WORK INSTRUCTION:
Return the data below exactly, stopping after the line with "Grau Eukalyptusholz vidaXL".

TASK DATA:

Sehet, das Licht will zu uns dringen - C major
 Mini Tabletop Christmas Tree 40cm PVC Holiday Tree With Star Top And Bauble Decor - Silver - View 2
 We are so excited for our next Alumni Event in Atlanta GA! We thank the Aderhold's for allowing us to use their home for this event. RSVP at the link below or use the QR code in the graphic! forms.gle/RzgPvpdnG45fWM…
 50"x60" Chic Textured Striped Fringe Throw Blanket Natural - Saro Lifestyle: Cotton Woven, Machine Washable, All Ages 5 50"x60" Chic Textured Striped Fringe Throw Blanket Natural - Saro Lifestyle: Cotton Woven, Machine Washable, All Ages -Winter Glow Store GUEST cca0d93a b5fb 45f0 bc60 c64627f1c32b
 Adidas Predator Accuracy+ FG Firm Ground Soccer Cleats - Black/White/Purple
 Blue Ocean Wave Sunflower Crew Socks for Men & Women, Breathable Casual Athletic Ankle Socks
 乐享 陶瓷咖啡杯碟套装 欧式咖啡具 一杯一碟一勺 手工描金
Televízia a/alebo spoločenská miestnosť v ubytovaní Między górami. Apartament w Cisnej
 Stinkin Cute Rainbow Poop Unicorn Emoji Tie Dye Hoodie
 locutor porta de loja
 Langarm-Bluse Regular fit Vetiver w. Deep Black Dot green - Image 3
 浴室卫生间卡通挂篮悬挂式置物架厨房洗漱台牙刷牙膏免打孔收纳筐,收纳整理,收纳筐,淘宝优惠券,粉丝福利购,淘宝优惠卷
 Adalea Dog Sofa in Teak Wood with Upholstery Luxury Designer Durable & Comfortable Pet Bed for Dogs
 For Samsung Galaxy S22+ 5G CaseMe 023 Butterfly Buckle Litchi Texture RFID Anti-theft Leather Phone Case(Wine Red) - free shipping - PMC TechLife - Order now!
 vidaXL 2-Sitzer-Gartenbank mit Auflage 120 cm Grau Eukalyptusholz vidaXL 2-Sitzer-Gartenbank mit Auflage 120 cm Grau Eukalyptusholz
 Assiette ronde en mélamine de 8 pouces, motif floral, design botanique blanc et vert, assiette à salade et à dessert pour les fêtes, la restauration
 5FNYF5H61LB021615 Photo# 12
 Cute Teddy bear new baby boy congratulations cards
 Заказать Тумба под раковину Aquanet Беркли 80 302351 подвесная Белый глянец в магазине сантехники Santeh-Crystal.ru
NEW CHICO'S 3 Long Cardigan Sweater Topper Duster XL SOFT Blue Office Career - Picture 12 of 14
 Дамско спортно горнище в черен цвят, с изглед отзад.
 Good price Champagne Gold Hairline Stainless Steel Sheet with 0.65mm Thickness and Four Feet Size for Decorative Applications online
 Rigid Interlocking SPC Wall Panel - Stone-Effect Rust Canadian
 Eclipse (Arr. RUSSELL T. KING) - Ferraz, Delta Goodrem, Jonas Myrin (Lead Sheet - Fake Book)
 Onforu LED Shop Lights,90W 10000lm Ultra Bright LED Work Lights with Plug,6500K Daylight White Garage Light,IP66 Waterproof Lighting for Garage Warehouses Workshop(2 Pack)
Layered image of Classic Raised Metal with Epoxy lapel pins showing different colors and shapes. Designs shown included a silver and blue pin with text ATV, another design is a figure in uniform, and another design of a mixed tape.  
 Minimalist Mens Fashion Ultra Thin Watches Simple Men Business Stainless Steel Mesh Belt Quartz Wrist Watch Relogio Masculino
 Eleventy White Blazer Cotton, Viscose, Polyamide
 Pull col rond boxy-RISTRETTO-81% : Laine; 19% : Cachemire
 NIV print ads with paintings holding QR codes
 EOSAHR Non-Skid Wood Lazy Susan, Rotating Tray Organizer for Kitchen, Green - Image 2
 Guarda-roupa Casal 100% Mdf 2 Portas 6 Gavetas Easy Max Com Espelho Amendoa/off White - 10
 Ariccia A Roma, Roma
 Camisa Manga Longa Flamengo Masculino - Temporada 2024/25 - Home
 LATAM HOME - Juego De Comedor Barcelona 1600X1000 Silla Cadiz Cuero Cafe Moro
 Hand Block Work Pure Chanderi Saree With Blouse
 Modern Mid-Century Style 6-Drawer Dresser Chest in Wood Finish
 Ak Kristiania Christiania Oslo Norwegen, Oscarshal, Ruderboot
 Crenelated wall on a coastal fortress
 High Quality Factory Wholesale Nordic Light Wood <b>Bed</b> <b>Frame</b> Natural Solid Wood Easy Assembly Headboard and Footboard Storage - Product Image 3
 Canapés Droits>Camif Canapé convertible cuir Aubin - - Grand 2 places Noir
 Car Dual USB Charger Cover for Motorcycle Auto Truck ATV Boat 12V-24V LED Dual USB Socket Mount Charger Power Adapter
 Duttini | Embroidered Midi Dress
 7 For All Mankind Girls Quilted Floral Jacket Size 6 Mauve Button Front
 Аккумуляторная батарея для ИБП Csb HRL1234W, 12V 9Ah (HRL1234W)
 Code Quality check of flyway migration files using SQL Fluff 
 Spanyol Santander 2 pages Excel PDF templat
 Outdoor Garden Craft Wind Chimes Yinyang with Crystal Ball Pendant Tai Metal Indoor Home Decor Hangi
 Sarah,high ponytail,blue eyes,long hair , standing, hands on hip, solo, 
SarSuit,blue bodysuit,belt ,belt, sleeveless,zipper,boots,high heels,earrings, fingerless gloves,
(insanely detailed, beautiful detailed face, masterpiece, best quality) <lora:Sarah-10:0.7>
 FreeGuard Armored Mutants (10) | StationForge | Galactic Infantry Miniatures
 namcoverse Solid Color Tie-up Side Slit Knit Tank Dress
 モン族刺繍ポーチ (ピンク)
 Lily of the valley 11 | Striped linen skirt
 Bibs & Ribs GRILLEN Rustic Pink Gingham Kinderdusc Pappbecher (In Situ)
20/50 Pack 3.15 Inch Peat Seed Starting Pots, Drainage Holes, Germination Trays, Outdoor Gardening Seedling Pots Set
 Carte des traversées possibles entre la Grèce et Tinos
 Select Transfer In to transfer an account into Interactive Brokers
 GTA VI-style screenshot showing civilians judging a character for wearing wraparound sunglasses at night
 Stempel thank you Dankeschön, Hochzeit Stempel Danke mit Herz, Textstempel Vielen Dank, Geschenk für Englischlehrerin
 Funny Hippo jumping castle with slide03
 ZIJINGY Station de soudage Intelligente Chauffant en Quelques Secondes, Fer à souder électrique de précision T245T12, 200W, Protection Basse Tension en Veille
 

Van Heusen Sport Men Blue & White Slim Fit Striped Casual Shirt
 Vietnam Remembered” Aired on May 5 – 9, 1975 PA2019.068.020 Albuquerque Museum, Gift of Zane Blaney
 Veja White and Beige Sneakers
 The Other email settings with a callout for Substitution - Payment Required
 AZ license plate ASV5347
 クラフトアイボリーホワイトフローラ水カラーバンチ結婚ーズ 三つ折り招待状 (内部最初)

SOLUTION FOR THIS TASK:
Sehet, das Licht will zu uns dringen - C major
 Mini Tabletop Christmas Tree 40cm PVC Holiday Tree With Star Top And Bauble Decor - Silver - View 2
 We are so excited for our next Alumni Event in Atlanta GA! We thank the Aderhold's for allowing us to use their home for this event. RSVP at the link below or use the QR code in the graphic! forms.gle/RzgPvpdnG45fWM…
 50"x60" Chic Textured Striped Fringe Throw Blanket Natural - Saro Lifestyle: Cotton Woven, Machine Washable, All Ages 5 50"x60" Chic Textured Striped Fringe Throw Blanket Natural - Saro Lifestyle: Cotton Woven, Machine Washable, All Ages -Winter Glow Store GUEST cca0d93a b5fb 45f0 bc60 c64627f1c32b
 Adidas Predator Accuracy+ FG Firm Ground Soccer Cleats - Black/White/Purple
 Blue Ocean Wave Sunflower Crew Socks for Men & Women, Breathable Casual Athletic Ankle Socks
 乐享 陶瓷咖啡杯碟套装 欧式咖啡具 一杯一碟一勺 手工描金
Televízia a/alebo spoločenská miestnosť v ubytovaní Między górami. Apartament w Cisnej
 Stinkin Cute Rainbow Poop Unicorn Emoji Tie Dye Hoodie
 locutor porta de loja
 Langarm-Bluse Regular fit Vetiver w. Deep Black Dot green - Image 3
 浴室卫生间卡通挂篮悬挂式置物架厨房洗漱台牙刷牙膏免打孔收纳筐,收纳整理,收纳筐,淘宝优惠券,粉丝福利购,淘宝优惠卷
 Adalea Dog Sofa in Teak Wood with Upholstery Luxury Designer Durable & Comfortable Pet Bed for Dogs
 For Samsung Galaxy S22+ 5G CaseMe 023 Butterfly Buckle Litchi Texture RFID Anti-theft Leather Phone Case(Wine Red) - free shipping - PMC TechLife - Order now!
 vidaXL 2-Sitzer-Gartenbank mit Auflage 120 cm Grau Eukalyptusholz vidaXL 2-Sitzer-Gartenbank mit Auflage 120 cm Grau Eukalyptusholz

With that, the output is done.